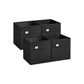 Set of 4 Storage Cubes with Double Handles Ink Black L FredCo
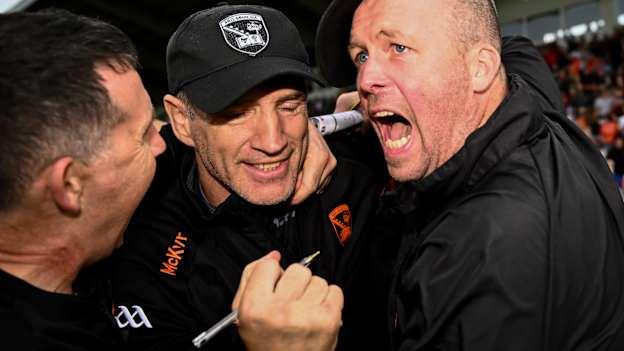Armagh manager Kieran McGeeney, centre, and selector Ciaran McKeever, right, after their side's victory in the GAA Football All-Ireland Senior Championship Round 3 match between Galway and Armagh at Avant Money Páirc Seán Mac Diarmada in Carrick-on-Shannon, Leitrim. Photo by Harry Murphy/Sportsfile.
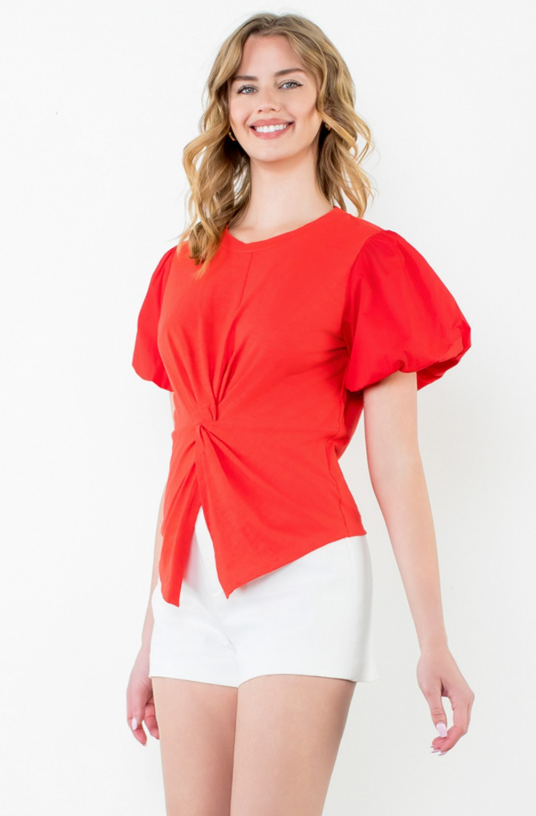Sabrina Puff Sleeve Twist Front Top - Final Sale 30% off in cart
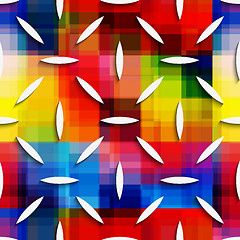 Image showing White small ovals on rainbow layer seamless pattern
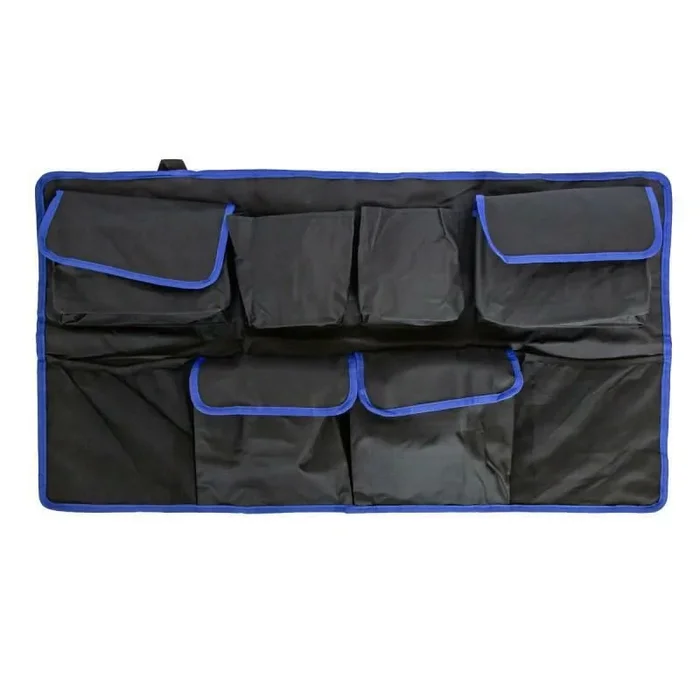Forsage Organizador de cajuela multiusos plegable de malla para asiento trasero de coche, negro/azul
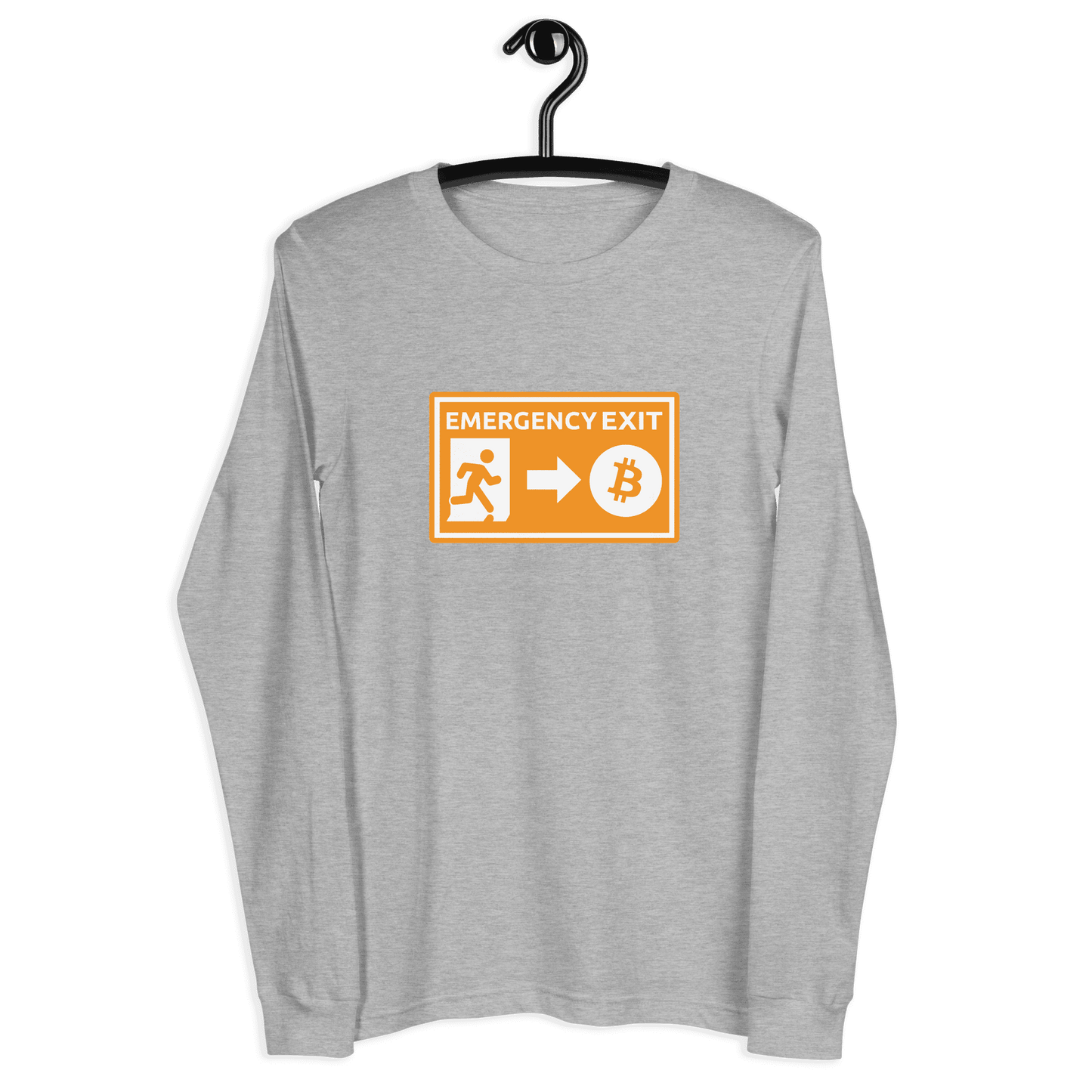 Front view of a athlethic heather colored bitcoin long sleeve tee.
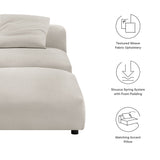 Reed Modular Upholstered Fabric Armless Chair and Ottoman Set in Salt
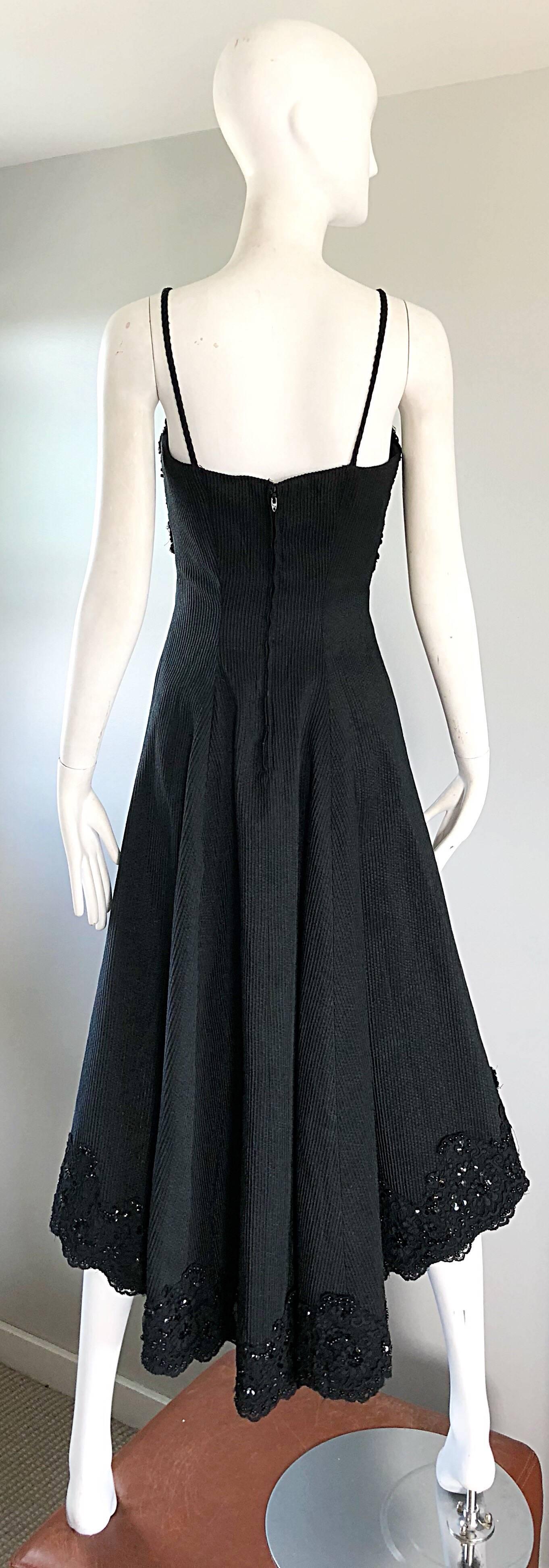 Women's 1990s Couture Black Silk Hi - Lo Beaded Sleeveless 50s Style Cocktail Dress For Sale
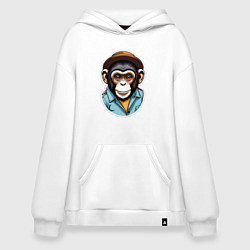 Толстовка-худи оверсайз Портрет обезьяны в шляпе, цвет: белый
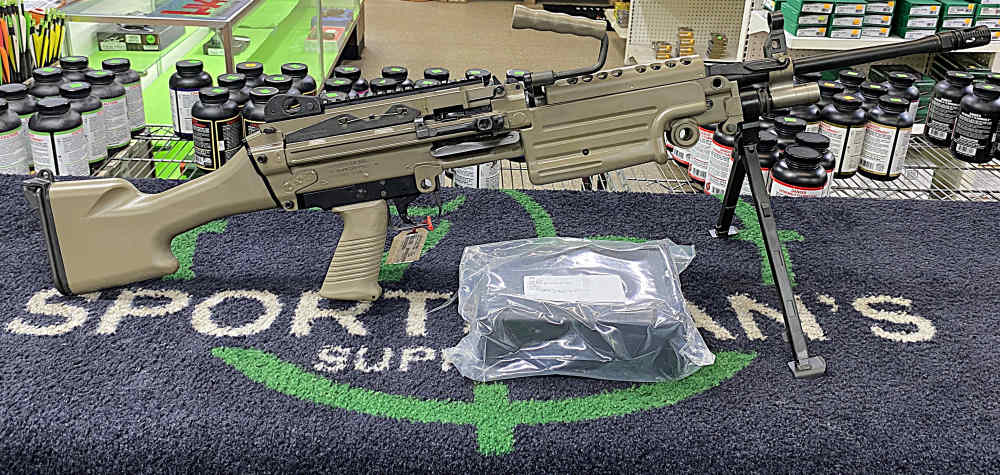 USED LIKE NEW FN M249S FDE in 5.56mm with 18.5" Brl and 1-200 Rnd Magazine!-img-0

• • •

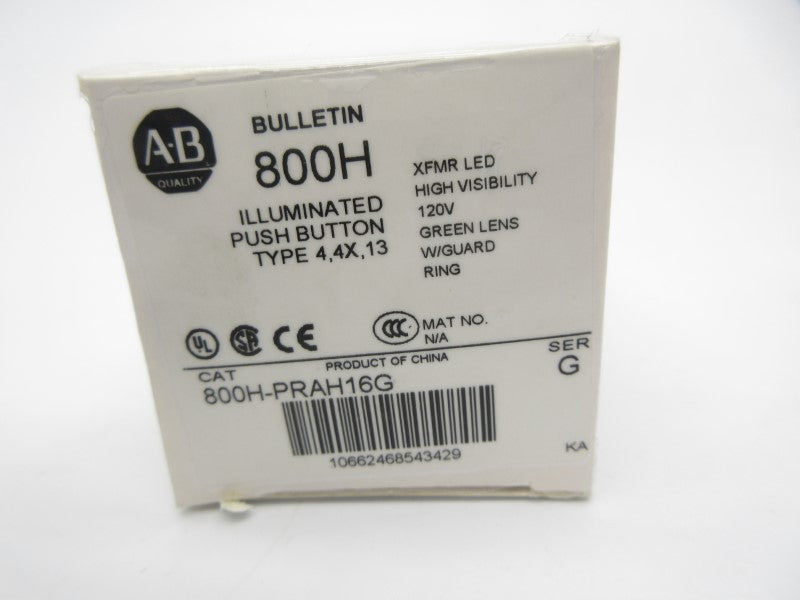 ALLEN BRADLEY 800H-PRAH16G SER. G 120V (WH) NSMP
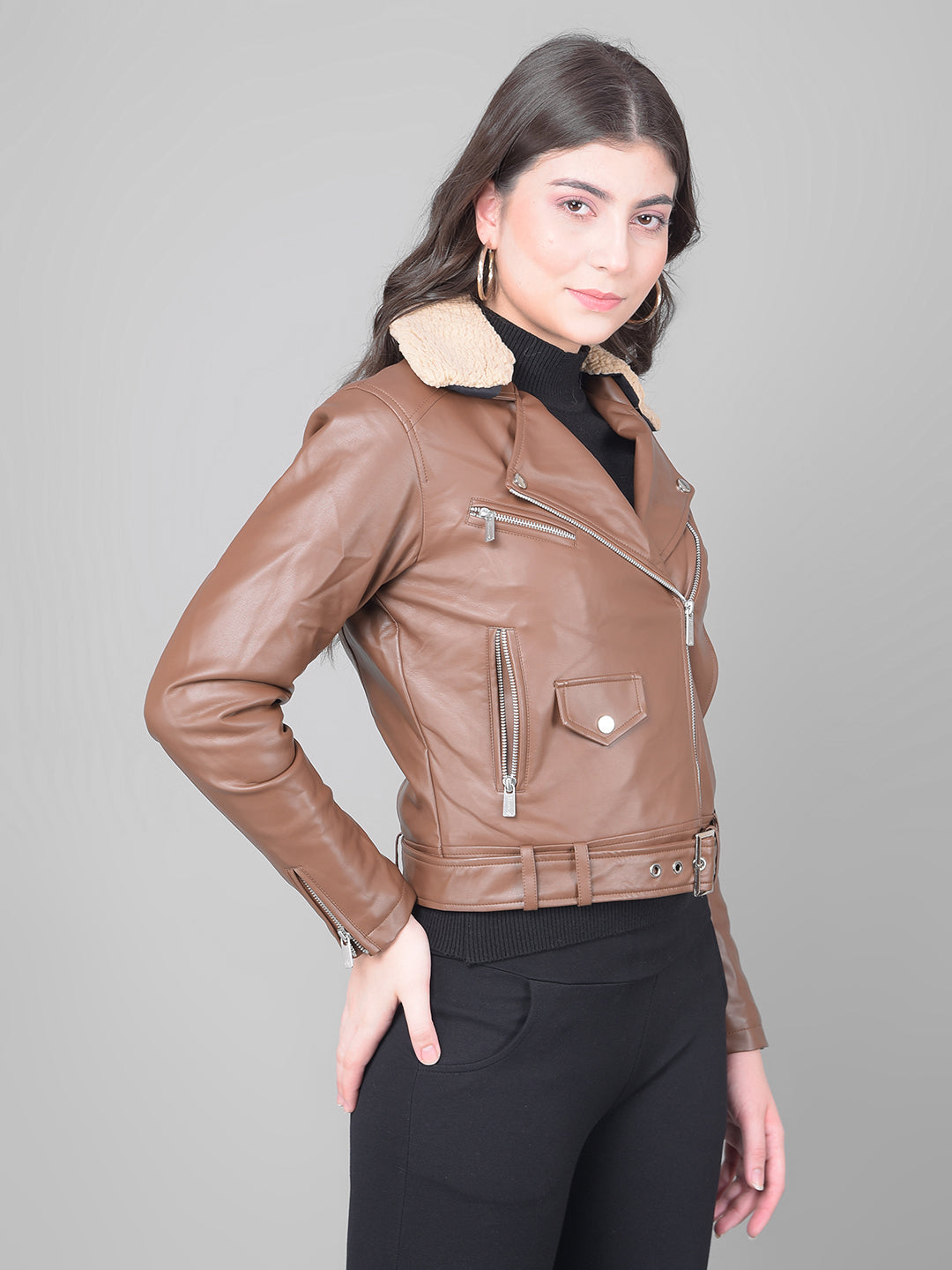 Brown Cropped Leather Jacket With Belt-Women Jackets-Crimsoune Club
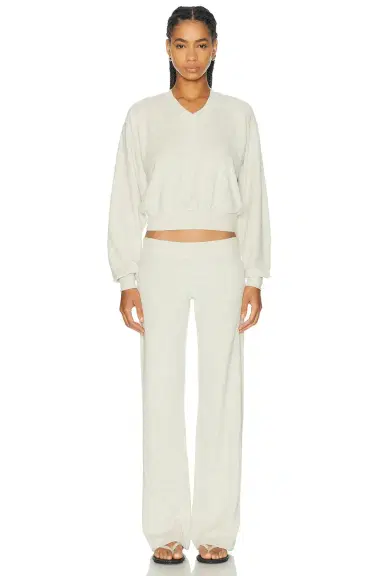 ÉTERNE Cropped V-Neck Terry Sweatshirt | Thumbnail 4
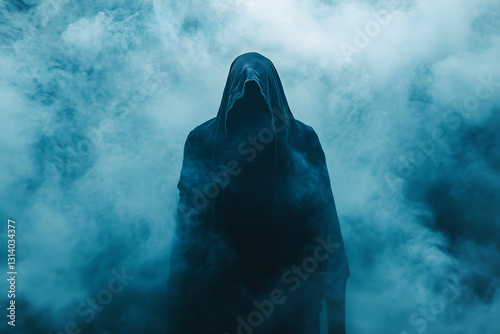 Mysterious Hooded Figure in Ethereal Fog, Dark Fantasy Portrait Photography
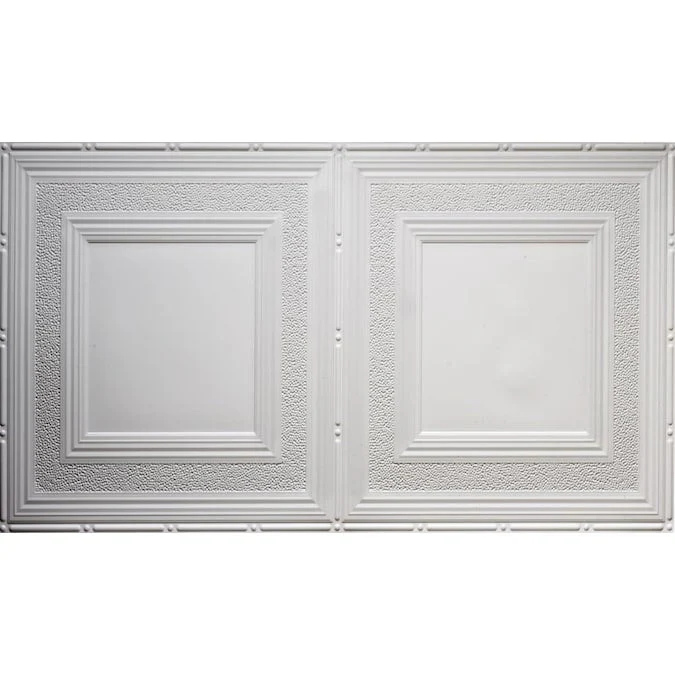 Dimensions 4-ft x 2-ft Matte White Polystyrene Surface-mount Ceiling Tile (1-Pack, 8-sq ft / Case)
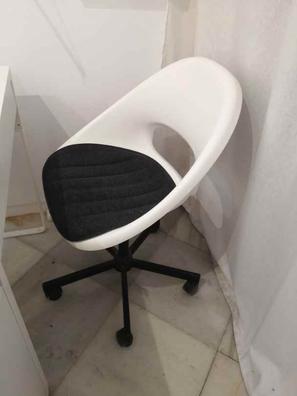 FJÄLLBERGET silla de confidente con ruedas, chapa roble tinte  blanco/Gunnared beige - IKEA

• • •

> _TASK ITEM_
Above are some entries; copy exactly the lines from the line with "Reed Modular Upholstered" through the line with "USED LIKE NEW", both included, but none of the pictures.

> _RESPONSE_
 Reed Modular Upholstered Fabric Armless Chair and Ottoman Set in Salt
 Women's 1990s Couture Black Silk Hi - Lo Beaded Sleeveless 50s Style Cocktail Dress For Sale
 Толстовка-худи оверсайз Портрет обезьяны в шляпе, цвет: белый
 USED LIKE NEW FN M249S FDE in 5.56mm with 18.5" Brl and 1-200 Rnd Magazine!-img-0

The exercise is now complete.